One of the assumptions required in Ordinary Least Squares (OLS) linear regression is that the variance of the residuals is constant. This assumption is often referred to as the homoscedasticity assumption. Some researchers are more familiar with the term heteroscedasticity test.
The expected result of the heteroscedasticity test is that there is no heteroscedasticity problem. Heteroscedasticity occurs if the variance of the residuals is not constant or if the variance of the residuals differs.
Furthermore, constant residual variance (homoscedasticity) is an expected assumption that needs to be fulfilled by researchers who analyze data, both cross-sectional and time-series data using OLS method. Therefore, it is necessary to perform a non-heteroscedasticity assumption test.
There are several methods that can be used to determine whether the residual variance is constant or not, and one of them is the Breusch-Pagan test using R Studio. This is part 3 of the tutorial discussing how to test heteroscedasticity and its interpretation in R.
Formulating the Heteroscedasticity Test Hypotheses
To test whether the residual variance is constant or not, researchers can formulate their statistical hypotheses. Statistical hypotheses can be formulated into null hypotheses and alternative hypotheses.
The statistical hypotheses and their acceptance criteria for the heteroscedasticity test in R can be formulated as follows:
Ho: p-value >0.05 = Homoscedasticity (constant residual variance)
Ha: p-value <0.05 = Heteroscedasticity (non-constant residual variance)
Sample Data for Heteroscedasticity Test
As practice material to understand how to test heteroscedasticity, I have prepared sample data for multiple linear regression. The purpose of the research is to determine the effect of costs and marketing on sales.

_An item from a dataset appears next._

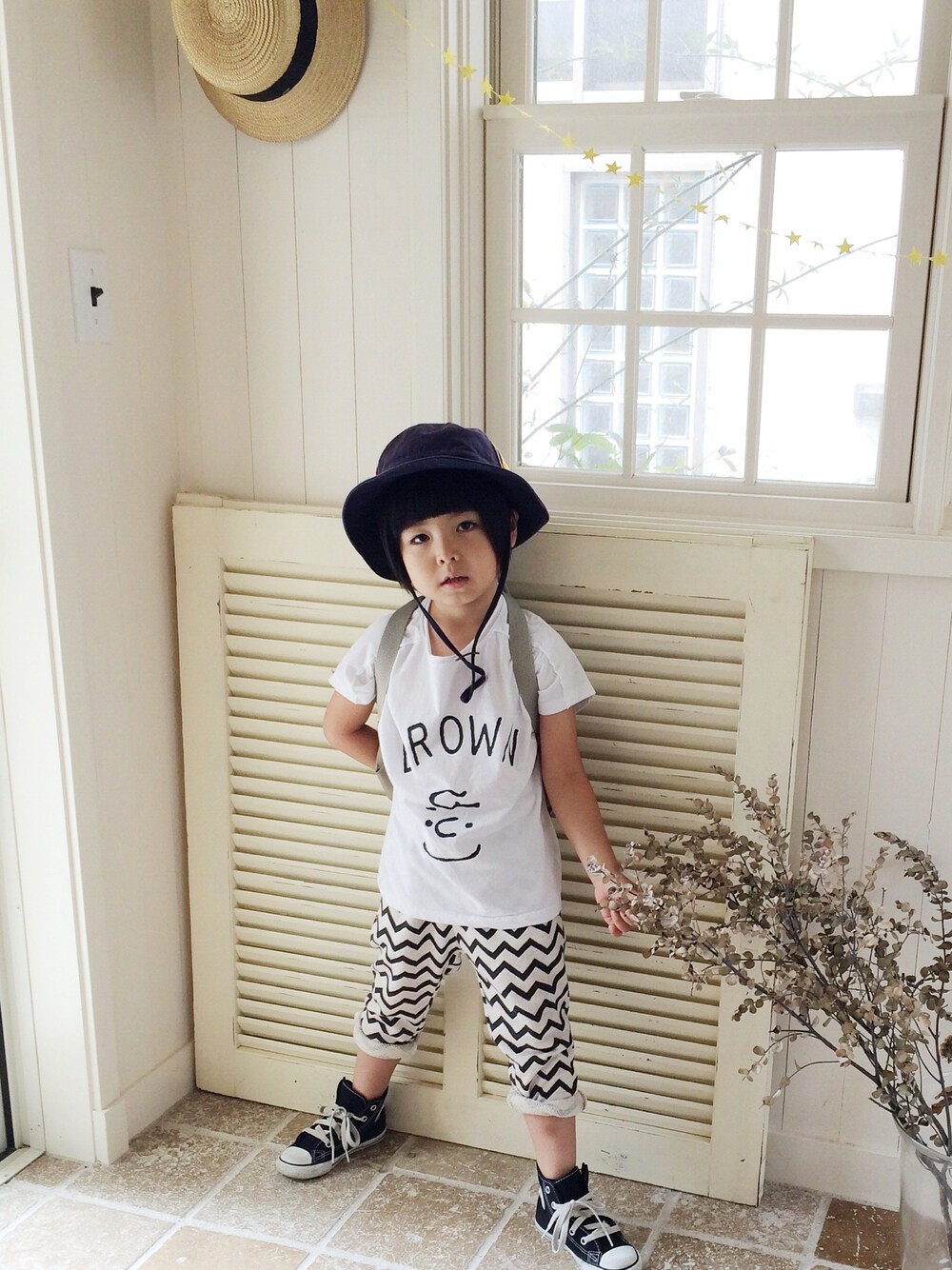 「SALEで買いました」｜「ZARA KIDSのアイテム（その他パンツ、ブラック系）」を使った、rentanさん（キッズ・120cm）の夏コーディネートの1枚目の写真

Therefore, costs and marketing are used as independent variables, and sales are used as the dependent variable. The data collected by the researcher can be seen in detail in the table below:
Importing Data from Excel to R Application
Importing data in R is done by clicking on the file, then from the various options available, click on import dataset. Since I have saved the data using Excel, choose from Excel.

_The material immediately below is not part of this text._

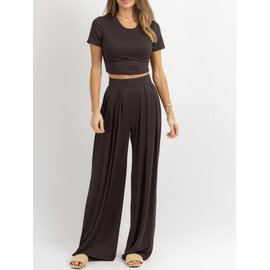 PEIARA Women's 2 Piece Lounge Sets Summer Short Sleeve Crop Tops Two Piece Outfits Woman Wide Leg Palazzo Pants Set Matching Tracksuits 2025 Clothes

The next step is for the researcher to browse the location where the Excel file is saved. Next, a preview of the data inputted in Excel will appear, then click import. If these steps have been done correctly and systematically, a preview of the imported data from Excel will appear in R Studio.
For researchers who want to learn how to test multiple linear regression and multicollinearity in OLS linear regression method, they can read the previous articles titled:
1. “Multiple linear regression analysis and interpretation in R (Part 1)”
2. “How to Analyze Multicollinearity in Linear Regression and its Interpretation in R (Part 2)“
The syntax for Testing Heteroscedasticity in R
To test for heteroscedasticity in R, researchers need to perform multiple linear regression analyses in R first. The first step that can be taken by researchers is to type the syntax for multiple linear regression analysis.
Syntax “Sales ~ Cost + Marketing” should be adjusted based on the number of variables used. Please pay attention to the capital and small letters of the variable label, type them exactly as they appear in the preview in R Studio.
Next, in the syntax “data = Multiple_Linear_Regression”, the data source used is specified. Please write it exactly as the file name used when importing data.
After pressing enter, the next step is to type “library(lmtest)”. Then type the syntax “bptest(model)”. This syntax is intended to display the results of the Breusch-Pagan test.
In detail, the syntax for testing heteroscedasticity and the output of the Breusch-Pagan test can be seen in the figure below:
Interpretation of Heteroscedasticity Test Output in R
The output of the Breusch-Pagan heteroscedasticity test in R is the same as other analysis tools. Based on the figure above, it can be seen that the Breusch-Pagan value was 1.3924.
Based on the output, the p-value was 0.4985. Then the acceptance criteria for the hypothesis are as follows:
Ho: p-value >0.05 = Homoscedasticity (constant residual variance)
Ha: p-value <0.05 = Heteroscedasticity (non-constant residual variance)
Based on the acceptance criteria, the p-value is greater than 0.05, so the null hypothesis is accepted. Since the null hypothesis is accepted, it can be concluded that the residual variance is constant (homoscedasticity).
Therefore, the regression equation fulfilled one of the assumptions of the OLS linear regression method, which is constant residual variance. This concludes part 3 of this article, and the next part will be available soon.